The Genetics of Intellectual Disability

Abstract

Intellectual disability (ID) has a prevalence of ~2-3% in the general population, having a large societal impact. The underlying cause of ID is largely of genetic origin; however, identifying this genetic cause has in the past often led to long diagnostic Odysseys. Over the past decades, improvements in genetic diagnostic technologies and strategies have led to these causes being more and more detectable: from cytogenetic analysis in 1959, we moved in the first decade of the 21st century from genomic microarrays with a diagnostic yield of ~20% to next-generation sequencing platforms with a yield of up to 60%. In this review, we discuss these various developments, as well as their associated challenges and implications for the field of ID, which highlight the revolutionizing shift in clinical practice from a phenotype-first into genotype-first approach.

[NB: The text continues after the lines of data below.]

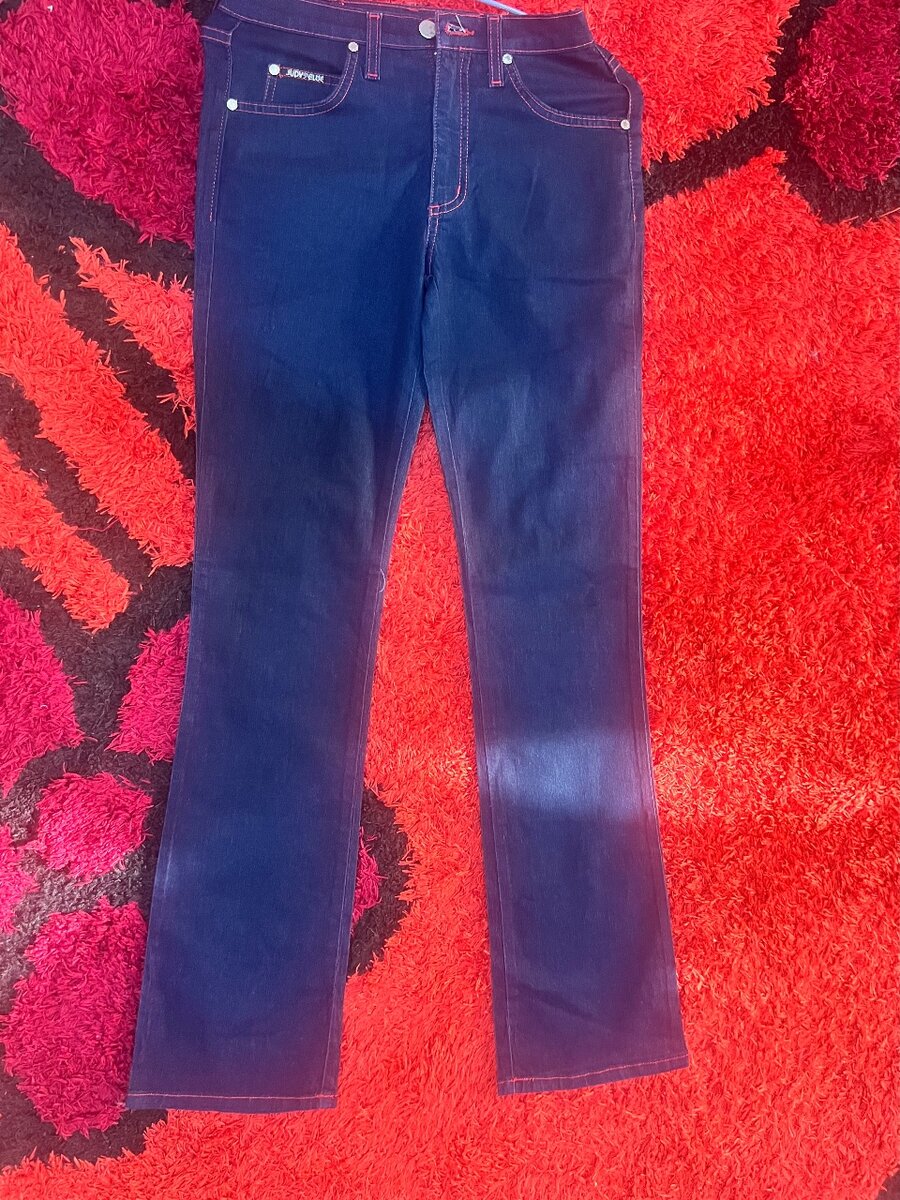 Wide leg jeans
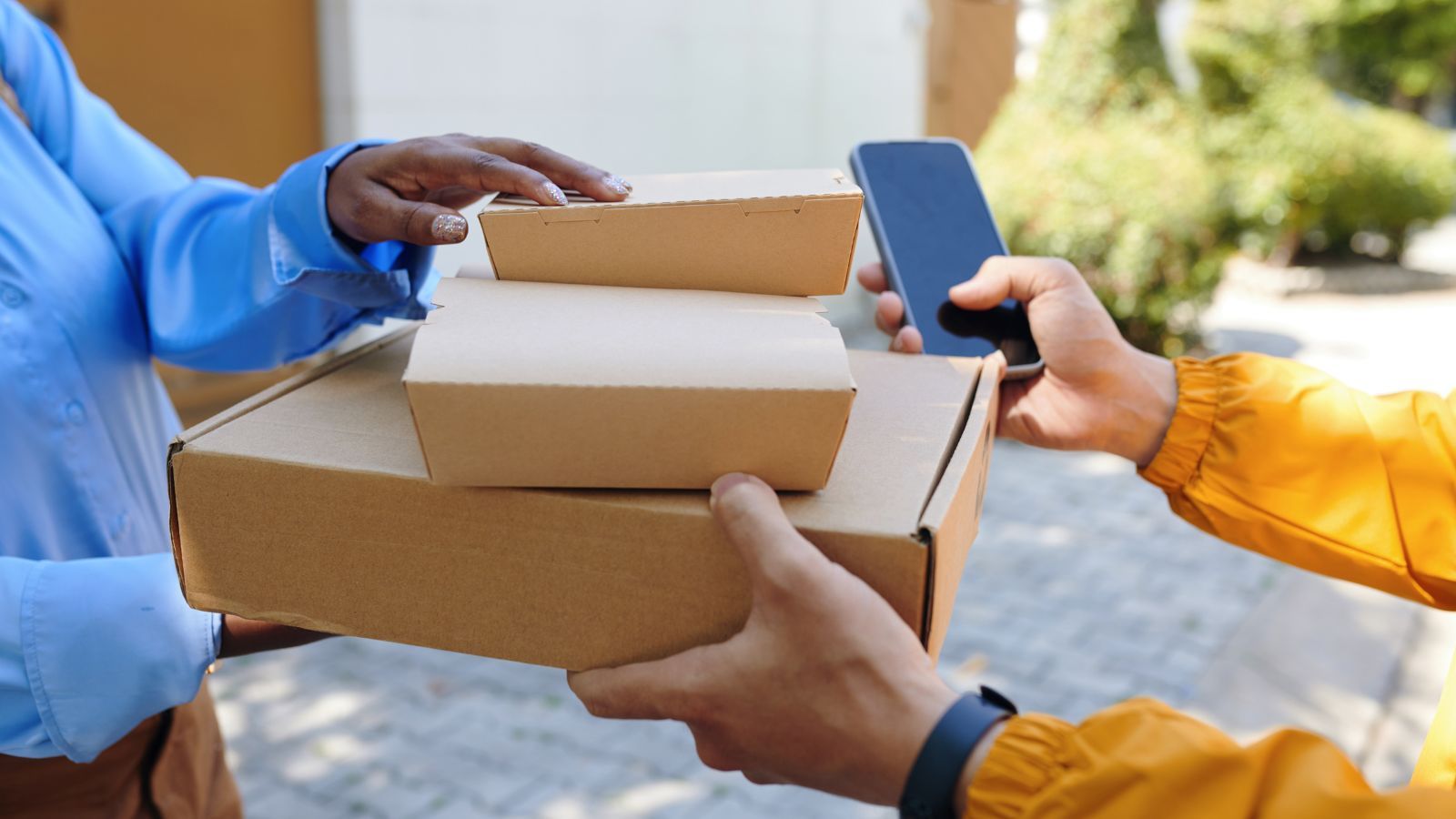 Tyle zarabia kurier. Ta kwota to nie żart, w tej firmie płacą najwięcej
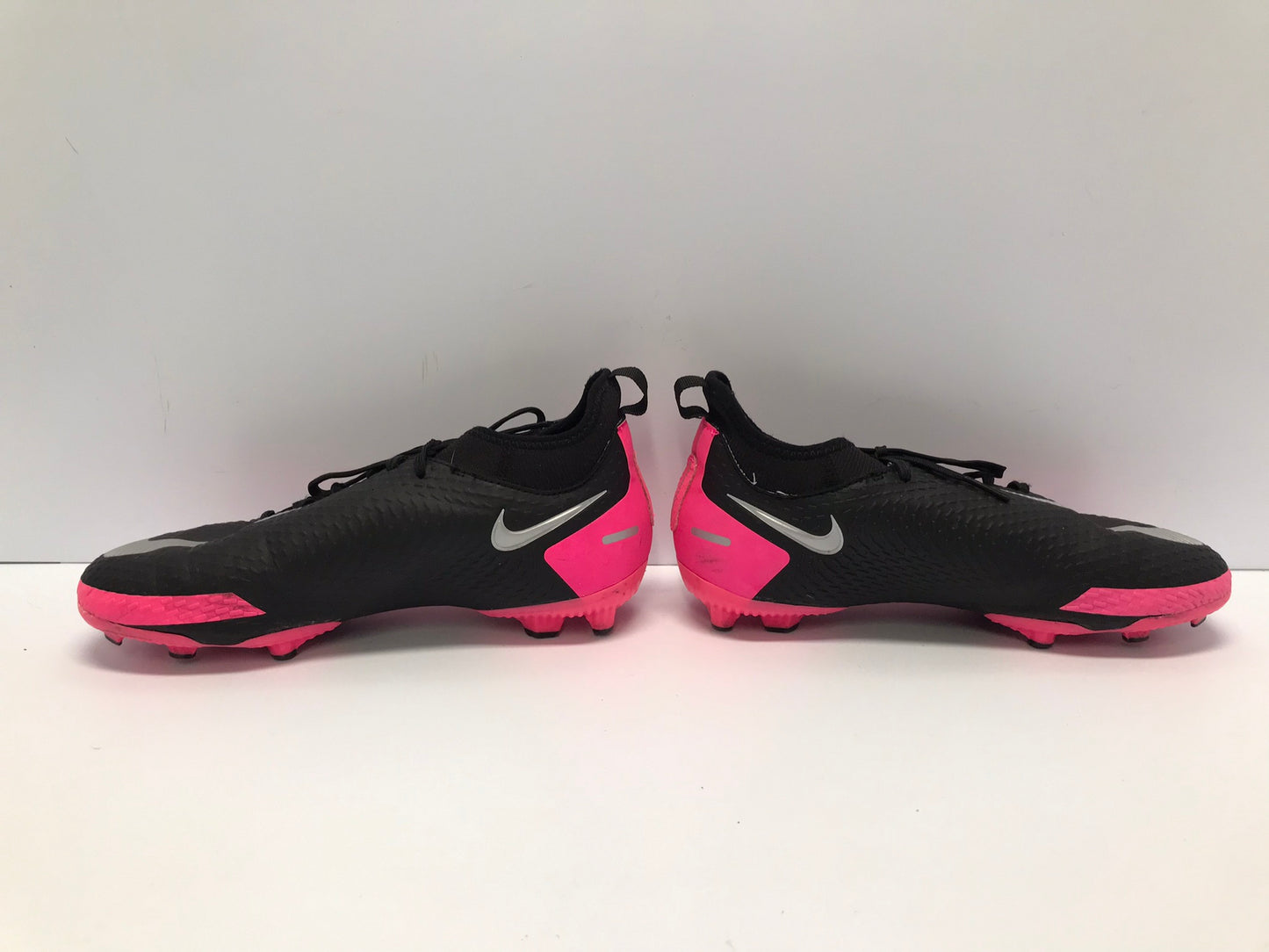 Soccer Shoes Cleats Child Size 4 Nike Phantom Slipper Foot  Black Pink Excellent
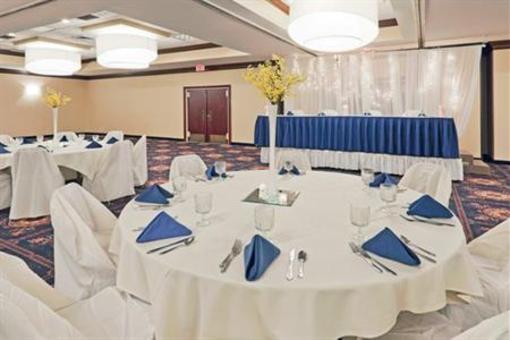 фото отеля Holiday Inn Hotel & Suites Mansfield (Ohio)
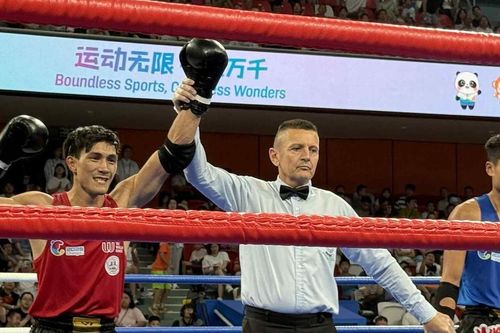 Nguyễn Trần Duy Nhất xuất sắc thắng cao thủ Trung Quốc 3-0, đoạt vé vào bán kết giải thế giới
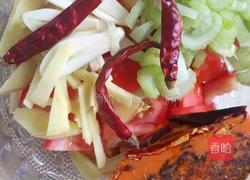 白萝卜炖肥肠的做法图解4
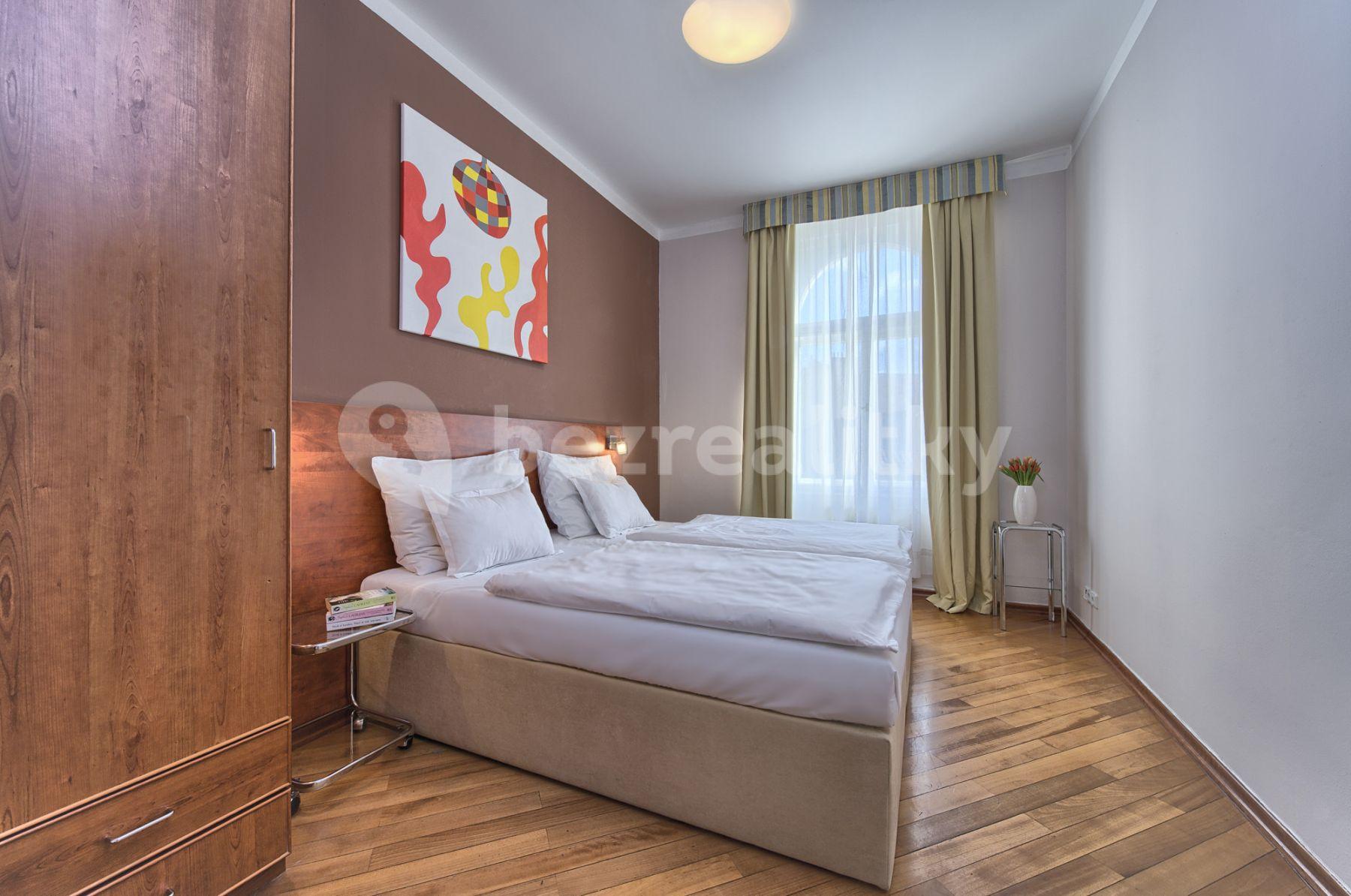 Pronájem bytu 2+kk 65 m², Masná, Praha, Praha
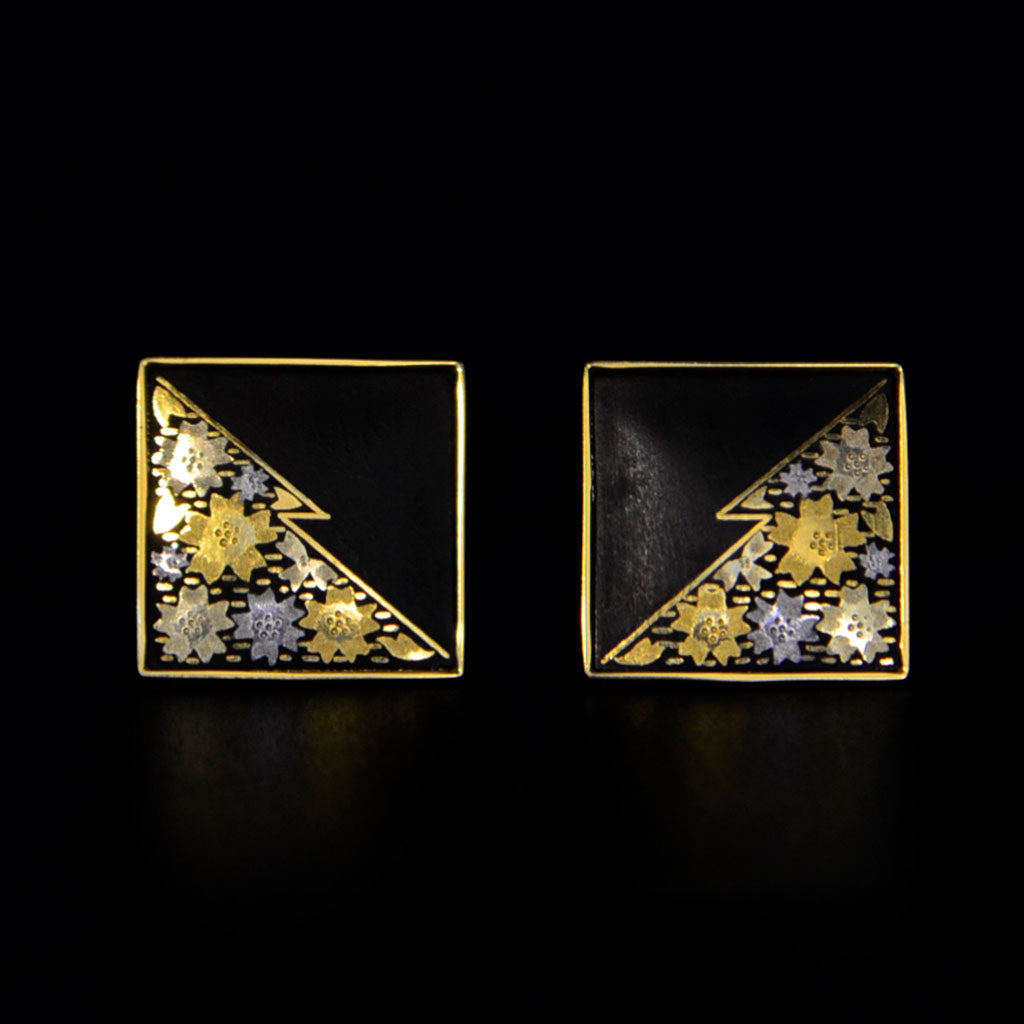 Kyoto Damascene Cufflinks Fully Covered With Cherry Blossoms Half Black – Size : 1.8×1.8 cm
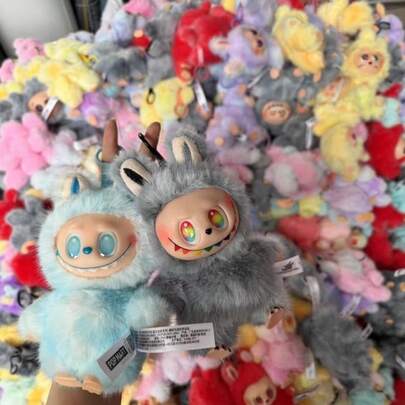 17厘米第一代挂件，坐姿派对系列1-3，（第一代/第二代/第三代）马卡龙系列可爱娃娃坐姿惊喜玩具，可爱精致的青春娃娃包装，PVC可爱脸型（哇酷随机角色）（六款任选一款）（产品喷绘，图案周围可能存在细微瑕疵（随机包装）汽车装饰挂件，不影响产品功能）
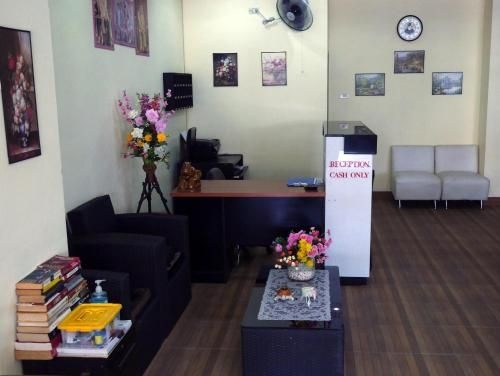 โรงแรมลักกี้ ป่าตอง (Lucky Patong Hotel)2
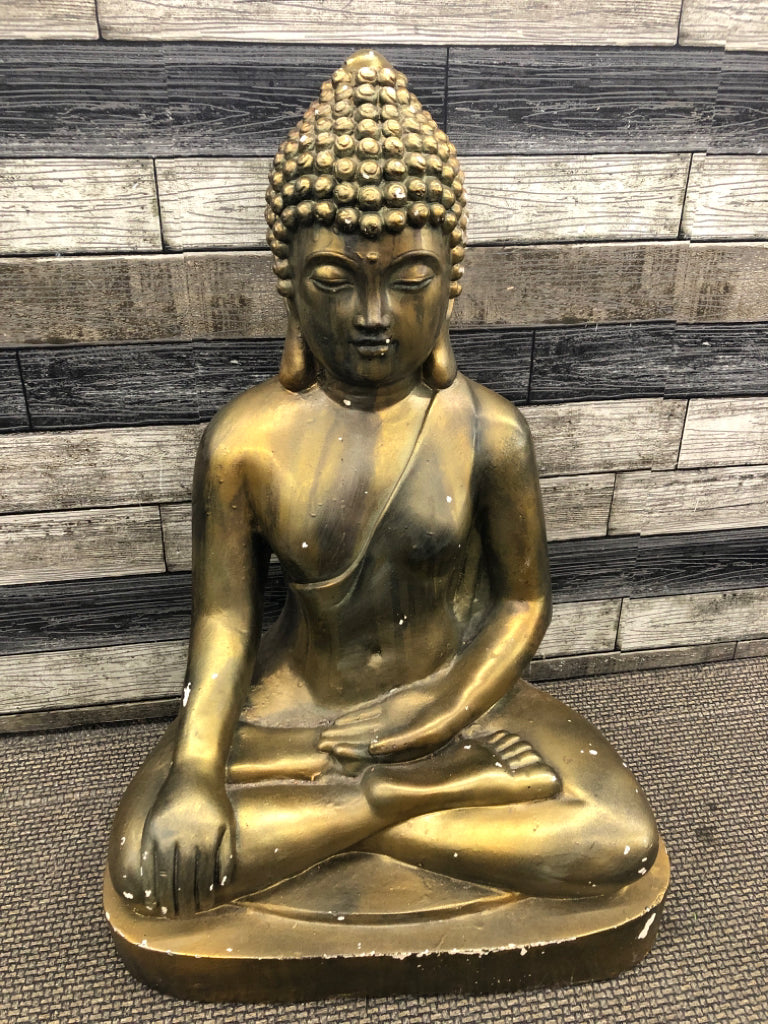 LARGE CERAMIC BUDDHA WOMAN SITTING METALLIC.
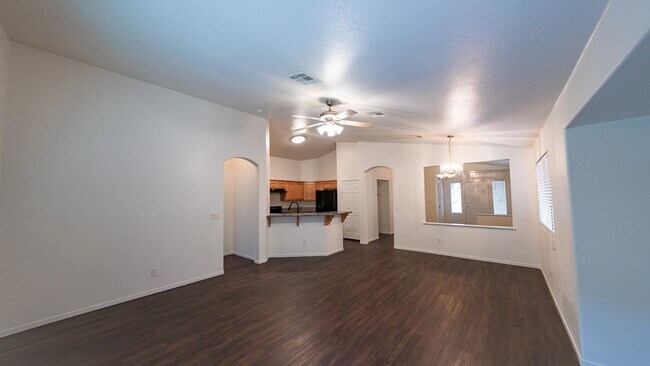 Building Photo - Beautiful Single Story Home with New Floor...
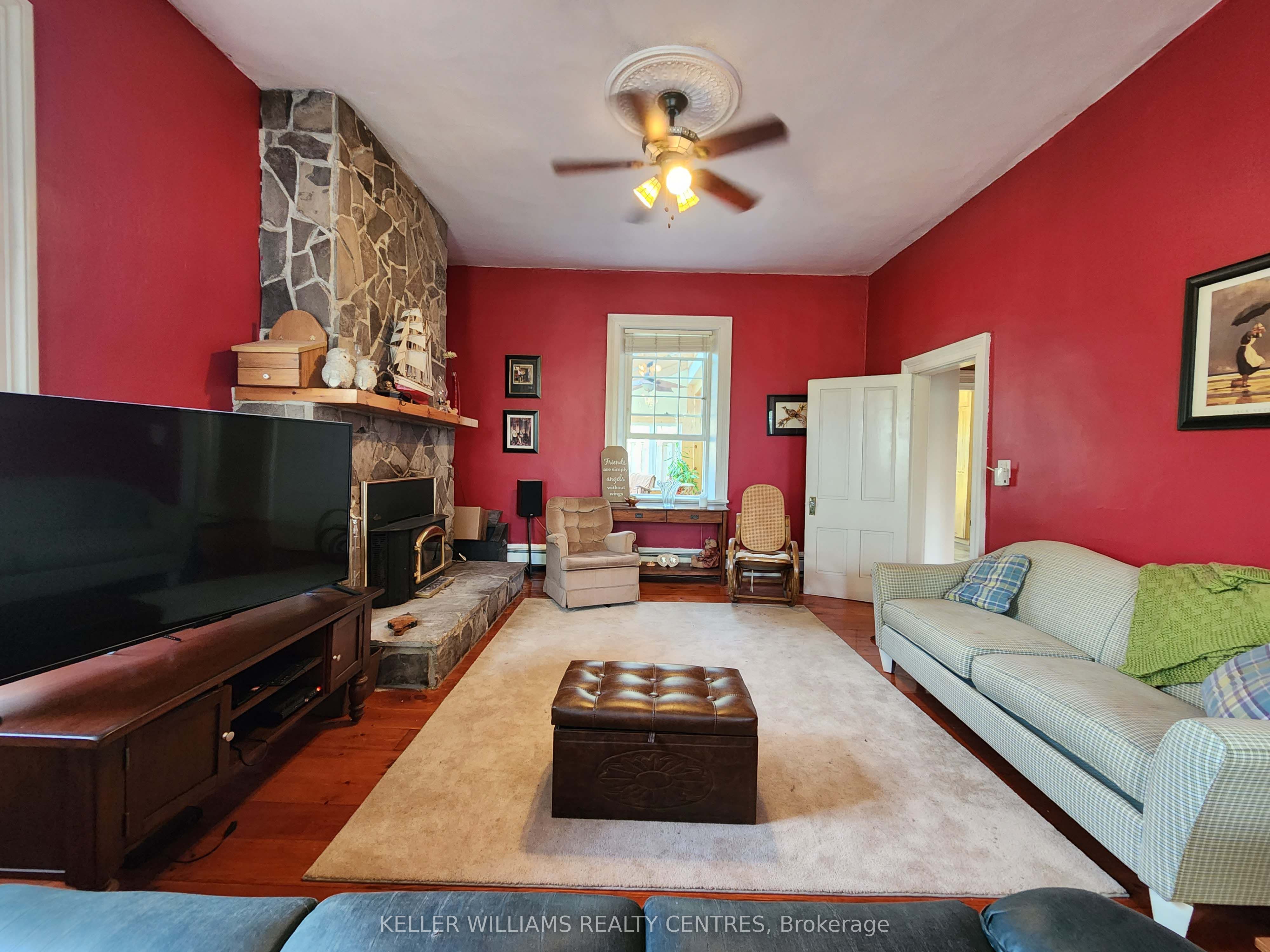 484 Carlisle Street Property Photo 12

Keywords: genetics; genotype; intellectual disability; next-generation sequencing; phenotype.

Figure 1

The IQ distribution of the “normal” population has the shape of a Gaussian curve, with the mean IQ set at 100 IQ points. IQ scores below 70 are observed in ~2.5% of the population. The second curve with the mean around 35 IQ points represents individuals with a pathophysiological cause underlying low IQ measurements (adapted from Zigler et al., 1967 [7]).

Figure 2

Graphical representation of the various concepts in the field of medical genetics. Genetic heterogeneity refers to the concept that pathogenic variants in multiple genes may lead to the same phenotypic presentation, whereas clinical heterogeneity refers to the fact that pathogenic variants in the same gene may lead to different clinical representations. A genotype-first approach starts from the genetic data point of view: after the identification of a pathogenic variant, the phenotype is thoroughly examined. In a phenotype-first approach, the clinical presentation of the patient with ID is obtained first, which is subsequently used as a guide for (targeted) genetic testing.

Figure 3

Schematic overview of the most commonly used cytogenetic and molecular genetic assays employed to elucidate the underlying genetic cause of ID in the pre-NGS era. Of note, genome-wide genetic assays can be used in both a genotype- and phenotype-first approach, whereas the targeted assays are mostly only used in a phenotype-first approach.

Figure 4

Stepwise delineation of the next-generation sequencing approach.

Figure 5

Schematic overview to reclassify a candidate ID gene to an established ID gene, with two successful examples. (a) The use of exome sequencing facilitates the identification of novel disease–gene associations. At first, a single patient is identified to have a (likely) pathogenic variant in a gene not previously associated with the disorder. Two parallel tracks are then started: one focusing on delineating the phenotypic spectrum of patients with (likely) pathogenic variants in the candidate ID gene and one focusing on the delineation of the molecular aspects of gene (dys)function. (b) Facial photos of two NDD syndromes identified through the use of exome sequencing: PPM1D involved in Jansen-de Vries syndrome, and SON in ZTTK syndrome.

Figure 6

Schematic representation of the increase in genes associated with neurodevelopmental disorders and the respective diagnostic yields from assay used to find the underlying genetic cause. (a) The number of genes has significantly increased since the use of NGS-based assays (green line: pre-NGS; orange line: post-NGS, with dashed lines showing the trendline of the increase). (b) Diagnostic yields of the individual techniques when used as singular approach. A targeted strategy provides only a diagnosis in 7% of patients (phenotype-first), whereas the broader genotype-first approaches provide a diagnostic yield of up to ±35%.

Figure 7

Overview of technological developments and the role of non-coding DNA variants in ID. Top panel shows schematic genomic structure with a gene in a topological-associated domain. Below this structure, different technologies are depicted which are commonly used to identify the genetic cause of NDD, including exome sequencing, short- and long-read genome sequencing and optical genome mapping (in green: labels detected in optical genome mapping technology). In the structure, the letters represent mechanisms, detailed out in the bottom panel, on how variants in non-coding DNA sequence can lead to disease. (A) Rare variants in an enhancer may lead to the distortion of binding of the enhancer to the promoter, effectively resulting in failure of transcription. (B) Rare variants in the 5′UTR may lead to the introduction of a novel translation initiation site, resulting in a shift of reading frame and effectively leading to haploinsufficiency. (C) Rare variants in the intronic sequence may lead—by different mechanisms—lead erroneous splicing, creating an out of frame transcript and resulting in haploinsufficiency. (D) Within the 3′UTR, multiple miRNA binding sites are present to regulate transcription. Rare variants in these sites may prevent miRNA binding and, thus, correct regulation of transcription. (E) Transcriptional regulation by enhancers and silencers is organized within topological-associated domains (TADs). Deletion of such a boundary may place genes under the control of ectopic enhancers and/or silencers of neighboring TADs, leading to dysregulation of gene expression.

Figure 8

Novel strategy for characterizing novel gene mutations by combining the analysis of facial imaging algorithms with genomic data to establish a link between patients’ rare variants and potential facial gestalt.